> [Action item]
Please produce an exact transcription of the lines from the one containing "Referee Tim Peel" through the last line of the entries, leaving out every picture.

Caption-style text data
+ + + +
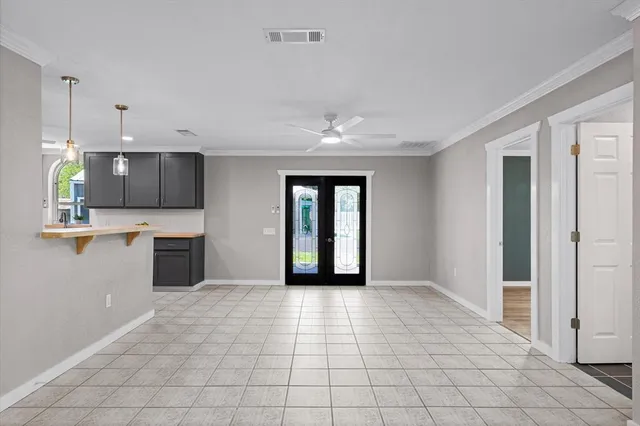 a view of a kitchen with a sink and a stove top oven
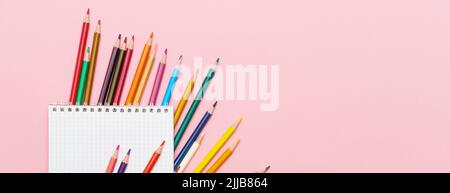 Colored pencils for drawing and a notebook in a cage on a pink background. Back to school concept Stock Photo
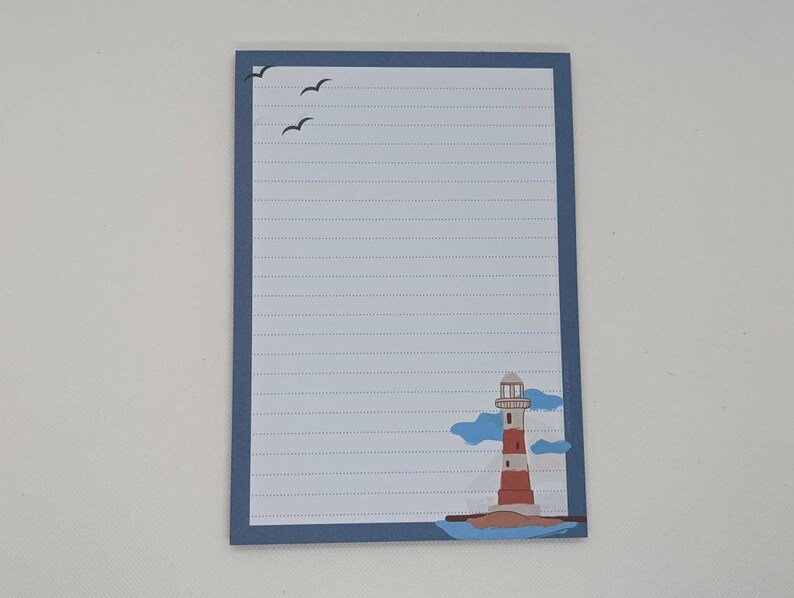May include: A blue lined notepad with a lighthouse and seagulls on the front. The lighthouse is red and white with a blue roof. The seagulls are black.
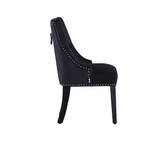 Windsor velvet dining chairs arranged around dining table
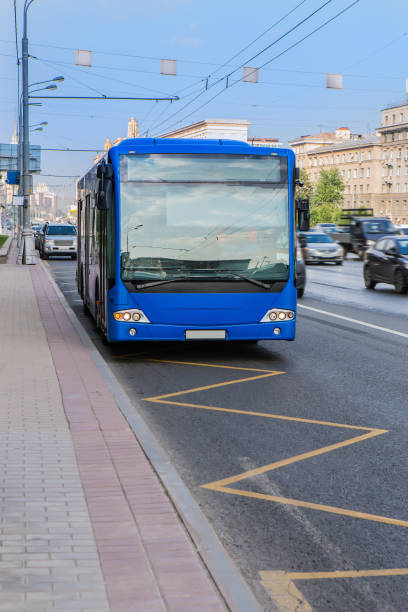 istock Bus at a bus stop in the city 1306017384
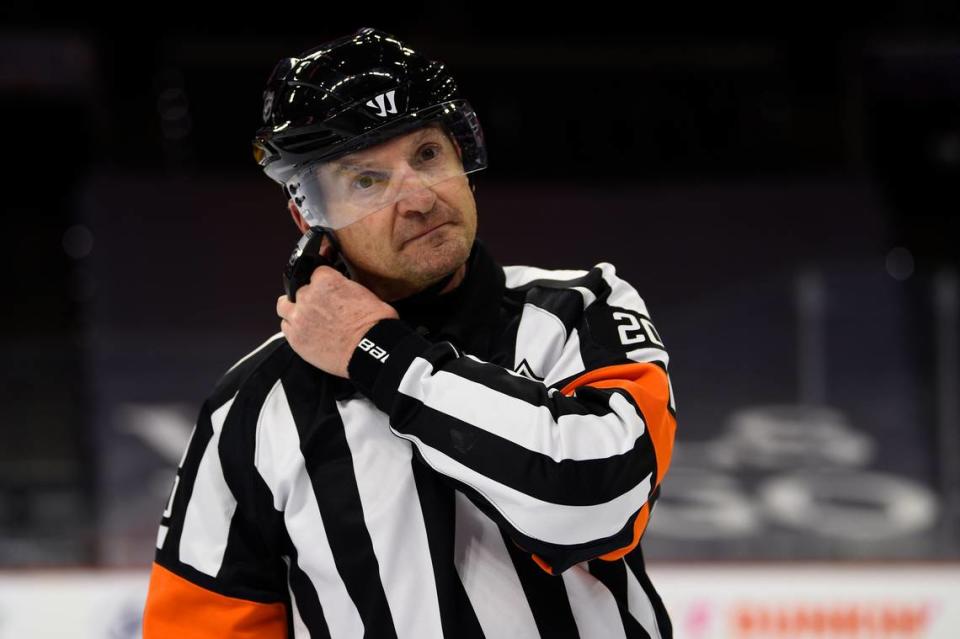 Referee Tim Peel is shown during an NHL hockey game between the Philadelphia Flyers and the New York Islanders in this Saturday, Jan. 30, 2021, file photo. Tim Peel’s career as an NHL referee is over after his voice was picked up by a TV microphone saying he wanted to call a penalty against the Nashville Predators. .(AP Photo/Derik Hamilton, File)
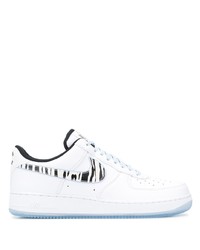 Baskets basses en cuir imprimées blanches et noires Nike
+ + + +
> [Task solution]
 Referee Tim Peel is shown during an NHL hockey game between the Philadelphia Flyers and the New York Islanders in this Saturday, Jan. 30, 2021, file photo. Tim Peel’s career as an NHL referee is over after his voice was picked up by a TV microphone saying he wanted to call a penalty against the Nashville Predators. .(AP Photo/Derik Hamilton, File)
 Baskets basses en cuir imprimées blanches et noires Nike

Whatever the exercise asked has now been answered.